Start of GIVEN INFORMATION
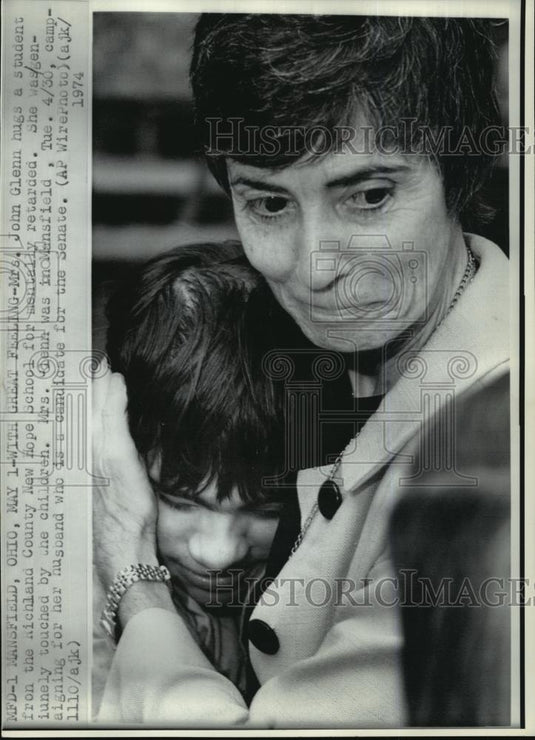 1974 Wire Photo Mrs John Glenn at Richland County New Hope-retarded children - Historic Images
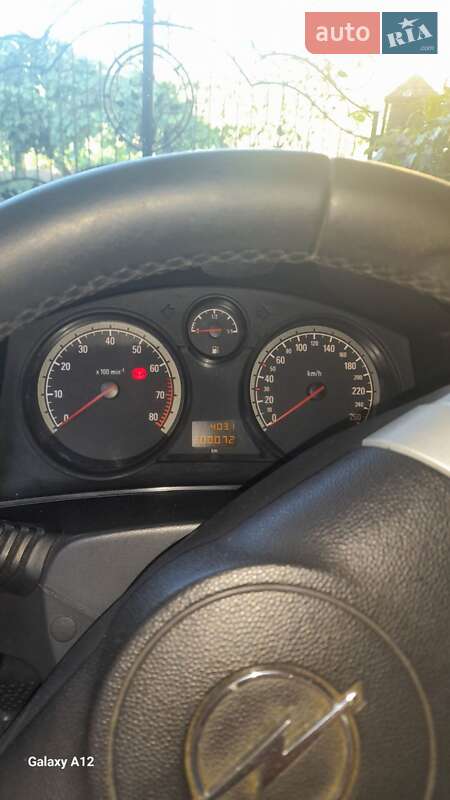 Универсал Opel Astra 2010 в Виноградове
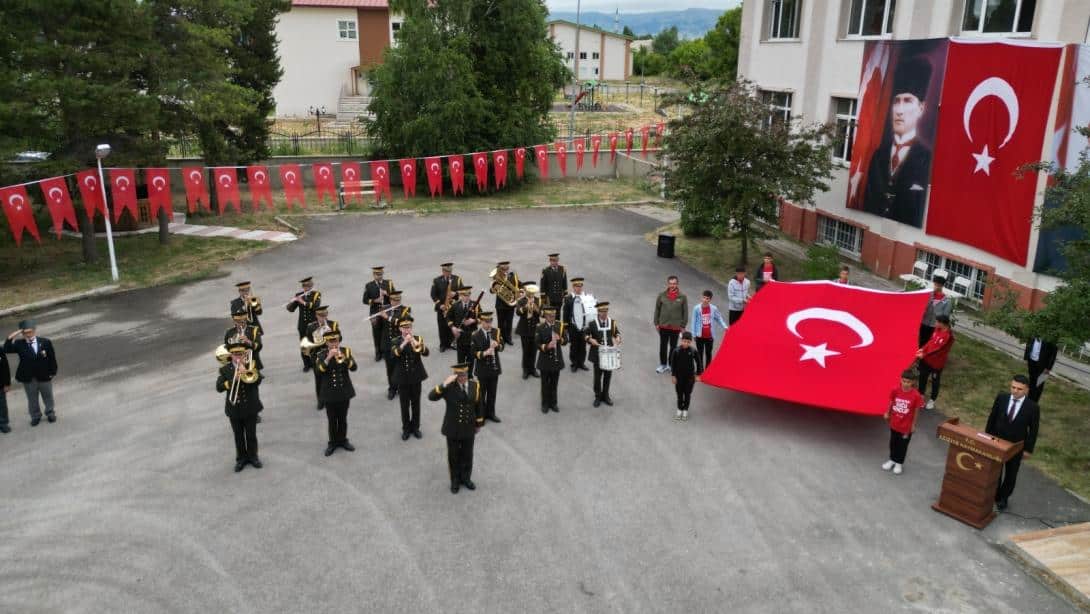 Ulu Önder Gazi Mustafa Kemal Atatürk'ün Erzurum'a Gelişinin 106. Yılı Aziziye Kaymakamlığı Önünde Törenle Kutlandı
End of GIVEN INFORMATION
ACTIVITY - The preceding listing must be repeated exactly, with all images dropped.

EXERCISE SOLUTION -
 1974 Wire Photo Mrs John Glenn at Richland County New Hope-retarded children - Historic Images
 Универсал Opel Astra 2010 в Виноградове
 Ulu Önder Gazi Mustafa Kemal Atatürk'ün Erzurum'a Gelişinin 106. Yılı Aziziye Kaymakamlığı Önünde Törenle Kutlandı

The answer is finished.